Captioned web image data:
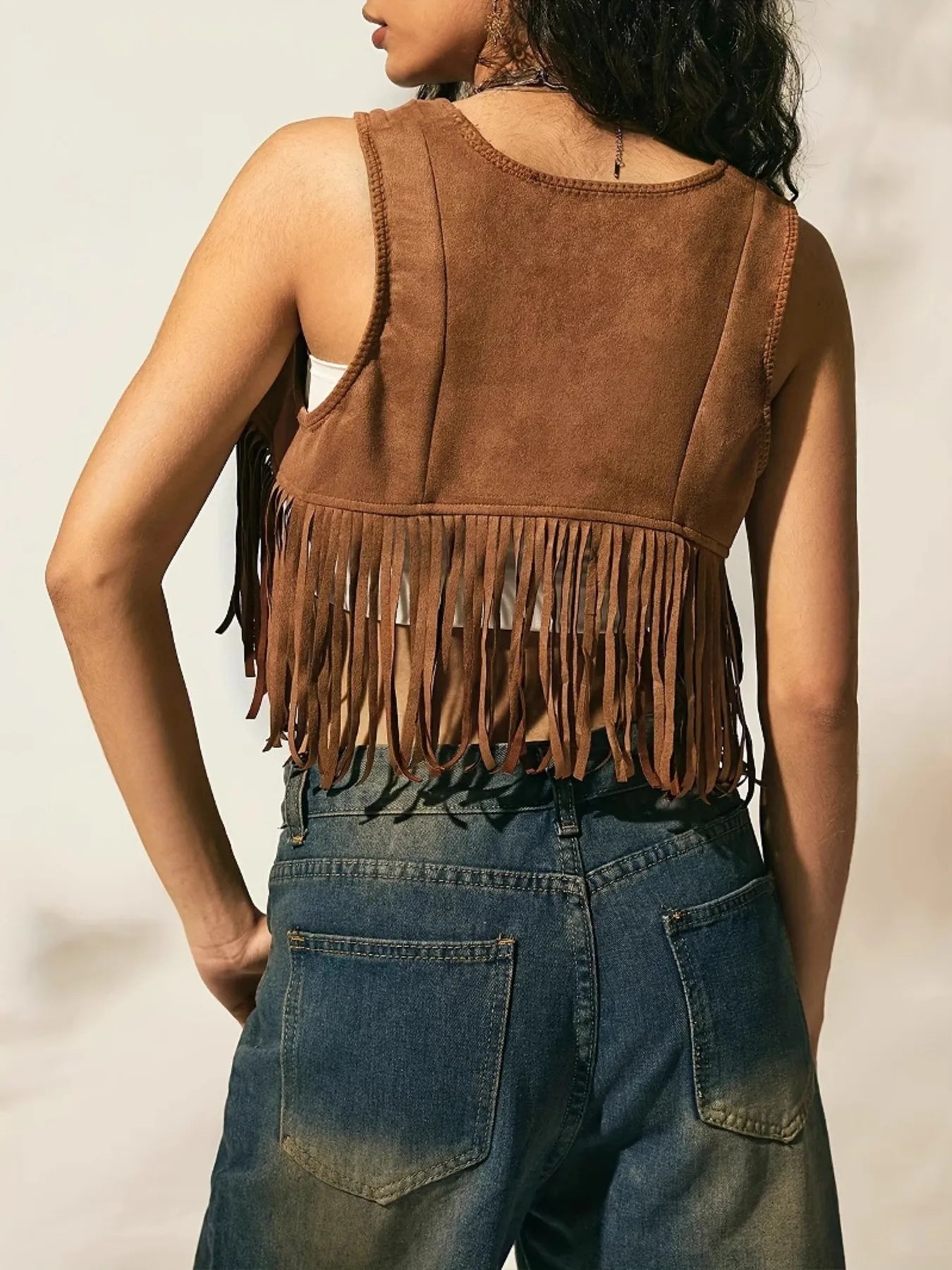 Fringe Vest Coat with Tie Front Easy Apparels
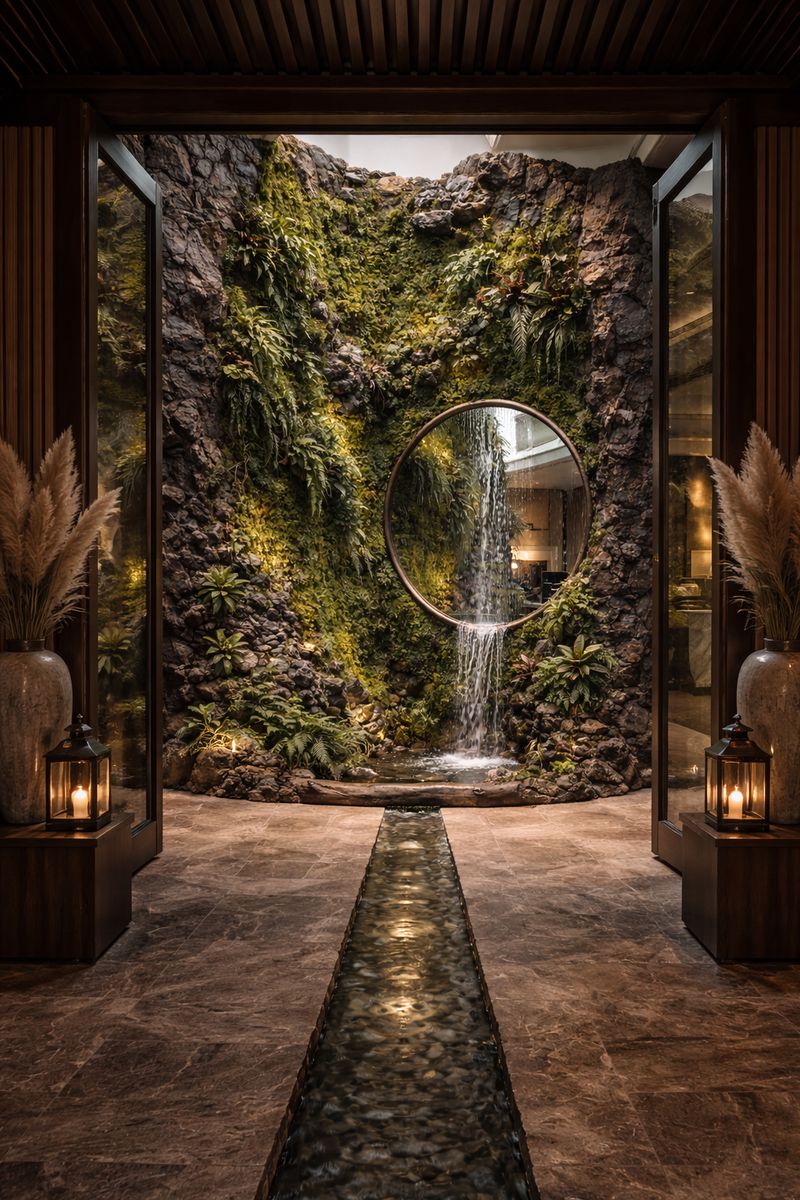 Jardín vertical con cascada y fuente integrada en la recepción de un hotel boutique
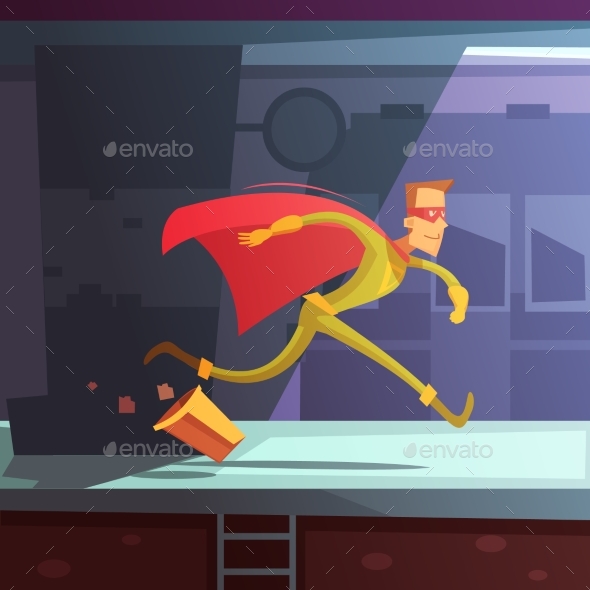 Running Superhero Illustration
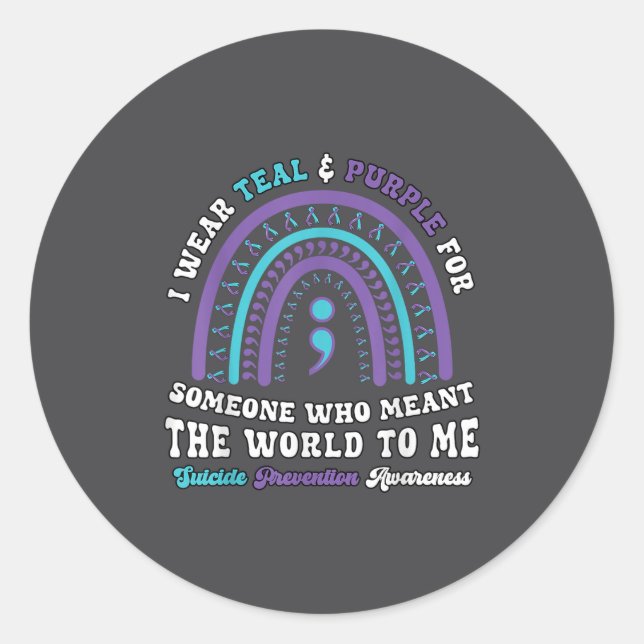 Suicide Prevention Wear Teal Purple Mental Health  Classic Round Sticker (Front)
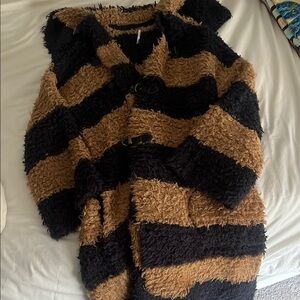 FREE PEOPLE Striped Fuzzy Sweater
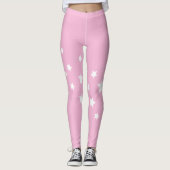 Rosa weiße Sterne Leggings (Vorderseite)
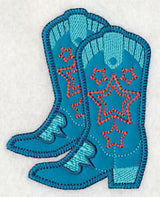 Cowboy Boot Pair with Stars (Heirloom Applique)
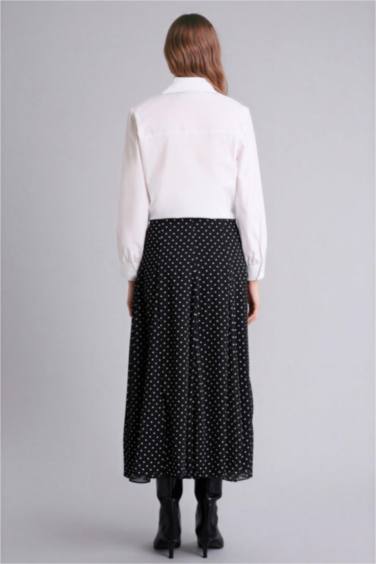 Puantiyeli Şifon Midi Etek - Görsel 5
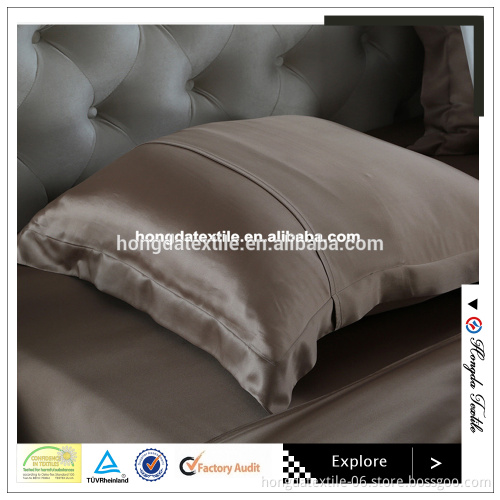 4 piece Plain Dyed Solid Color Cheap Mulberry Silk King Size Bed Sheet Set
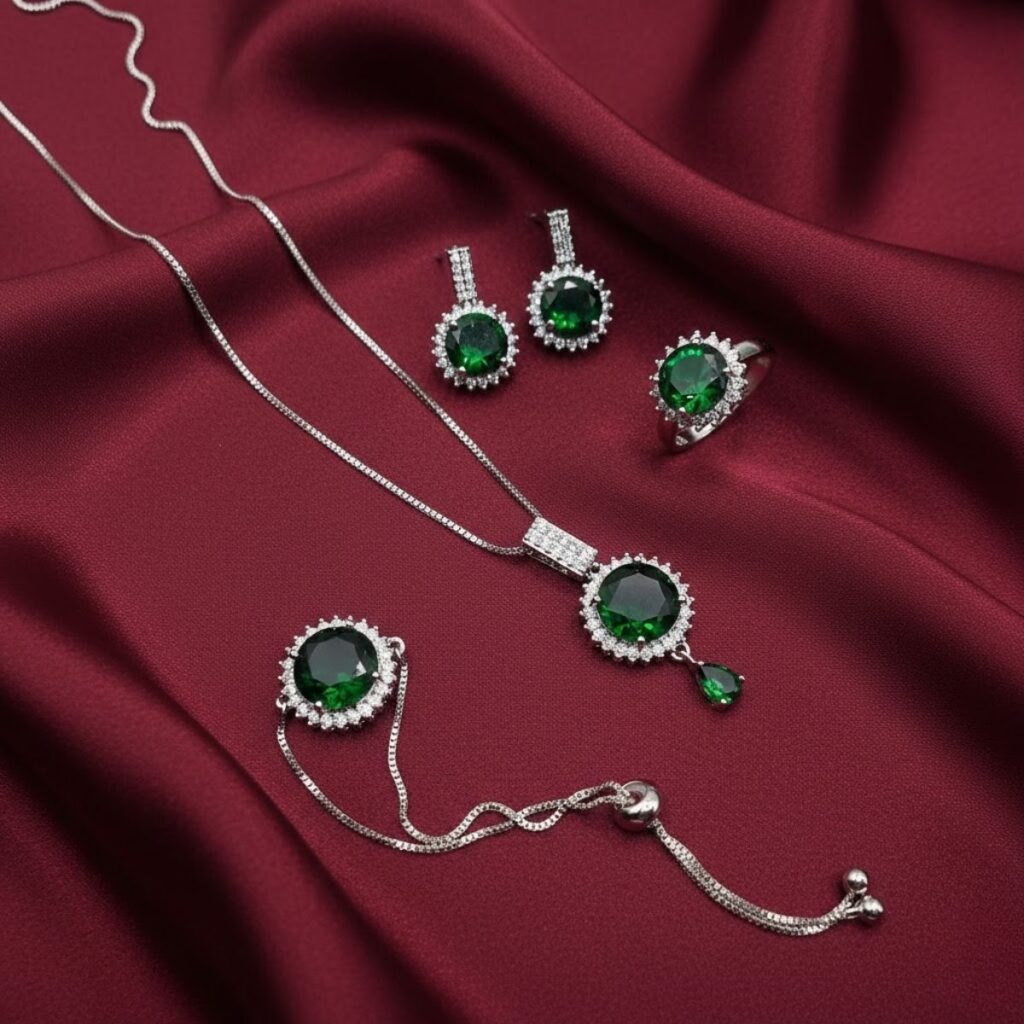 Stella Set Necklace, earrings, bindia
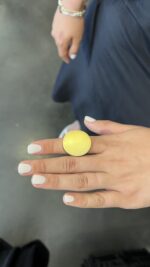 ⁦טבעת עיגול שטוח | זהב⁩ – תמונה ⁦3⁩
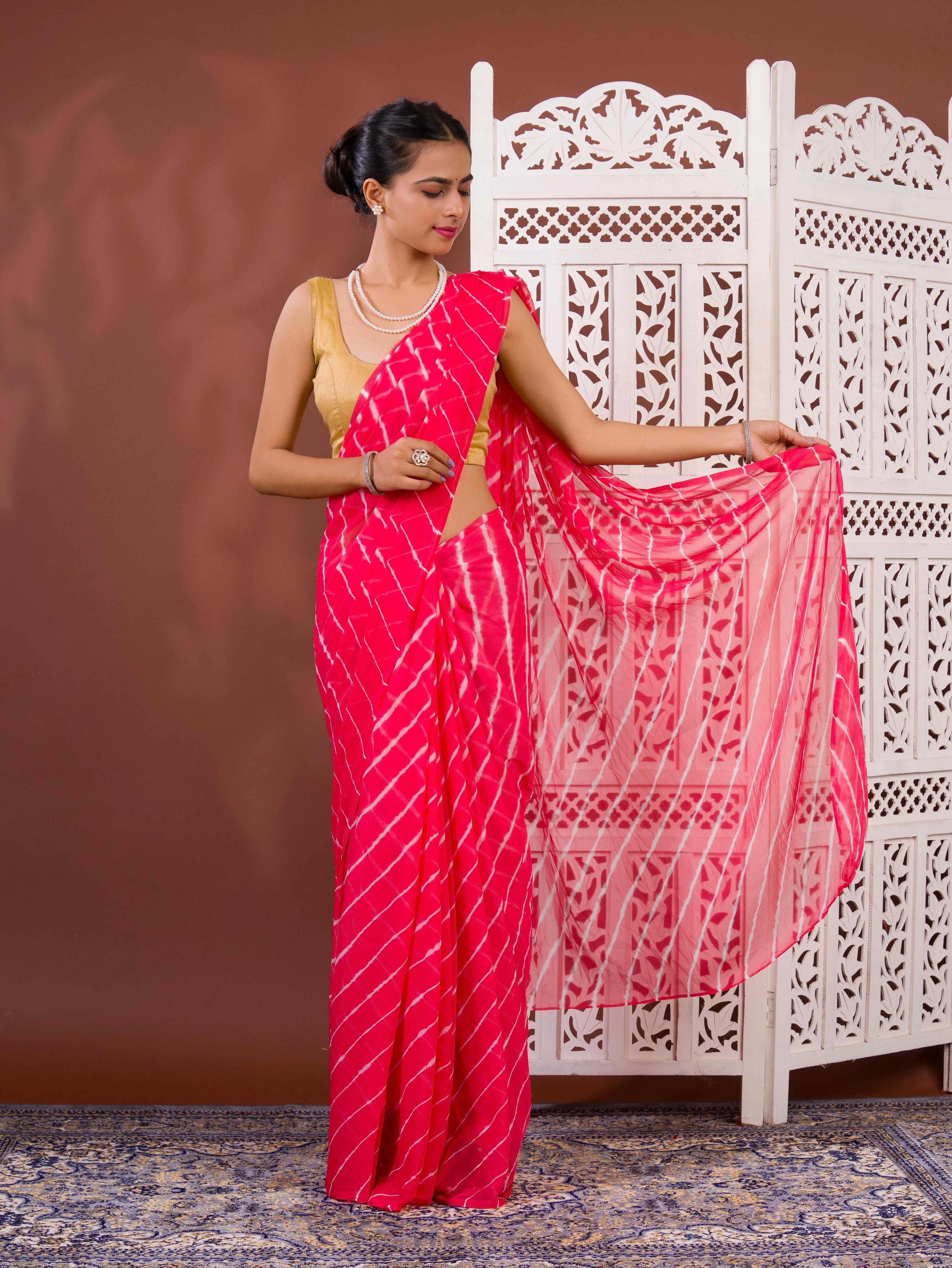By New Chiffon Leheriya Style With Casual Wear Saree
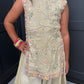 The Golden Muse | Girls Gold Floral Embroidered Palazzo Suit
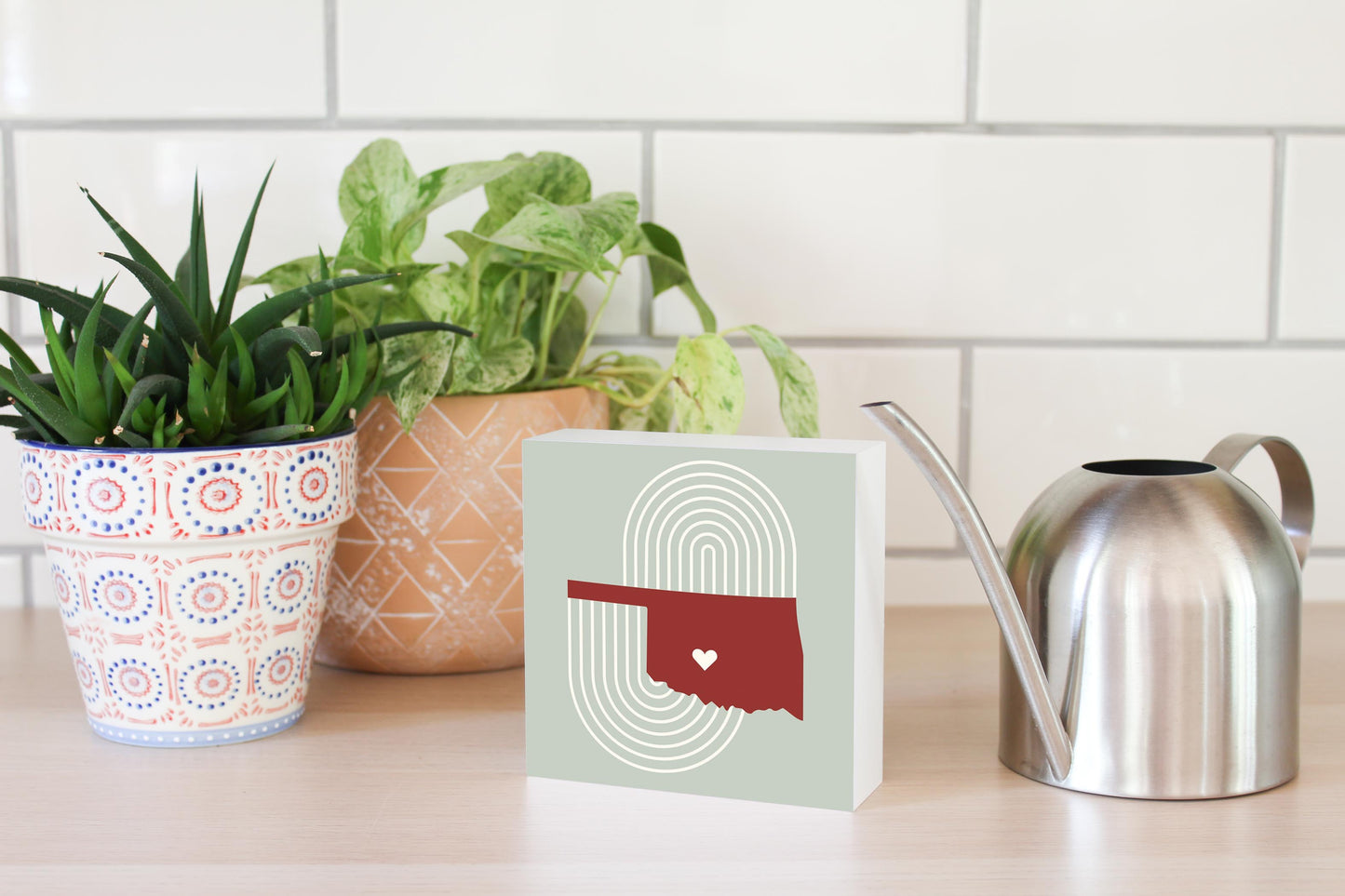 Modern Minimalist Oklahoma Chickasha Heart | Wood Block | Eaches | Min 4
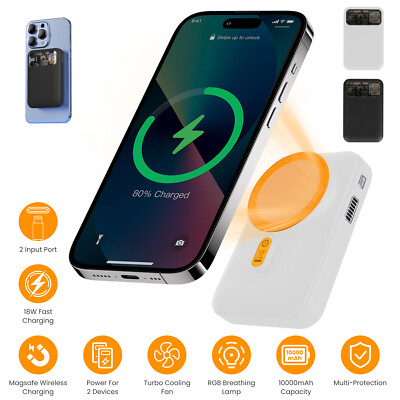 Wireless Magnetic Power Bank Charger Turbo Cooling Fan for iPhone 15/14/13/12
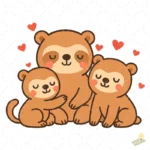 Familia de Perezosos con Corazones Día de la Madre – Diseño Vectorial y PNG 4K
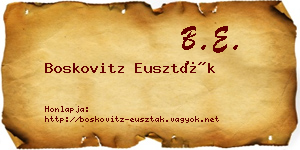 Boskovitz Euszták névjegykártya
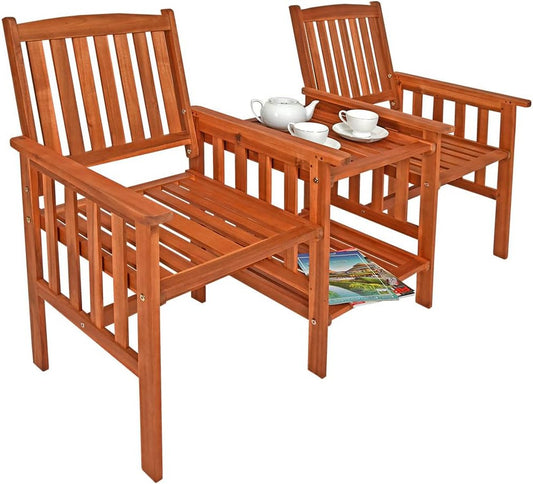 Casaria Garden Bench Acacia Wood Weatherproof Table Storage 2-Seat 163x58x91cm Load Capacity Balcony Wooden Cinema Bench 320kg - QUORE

→ **WHAT YOU WILL DO**: Please copy the data above exactly; the pictures do not belong in the copy.

→ **SOLUTION TO THE PROBLEM**:
 Fringe Vest Coat with Tie Front Easy Apparels
 Jardín vertical con cascada y fuente integrada en la recepción de un hotel boutique
 Running Superhero Illustration
 Suicide Prevention Wear Teal Purple Mental Health  Classic Round Sticker (Front)
 FREE PEOPLE Striped Fuzzy Sweater
 Rosa weiße Sterne Leggings (Vorderseite)
 Cowboy Boot Pair with Stars (Heirloom Applique)
 Puantiyeli Şifon Midi Etek - Görsel 5
 4 piece Plain Dyed Solid Color Cheap Mulberry Silk King Size Bed Sheet Set
 Stella Set Necklace, earrings, bindia
 ⁦טבעת עיגול שטוח | זהב⁩ – תמונה ⁦3⁩
By New Chiffon Leheriya Style With Casual Wear Saree
 The Golden Muse | Girls Gold Floral Embroidered Palazzo Suit
 Modern Minimalist Oklahoma Chickasha Heart | Wood Block | Eaches | Min 4
 Wireless Magnetic Power Bank Charger Turbo Cooling Fan for iPhone 15/14/13/12
 Familia de Perezosos con Corazones Día de la Madre – Diseño Vectorial y PNG 4K
 Boskovitz Euszták névjegykártya
 Casaria Garden Bench Acacia Wood Weatherproof Table Storage 2-Seat 163x58x91cm Load Capacity Balcony Wooden Cinema Bench 320kg - QUORE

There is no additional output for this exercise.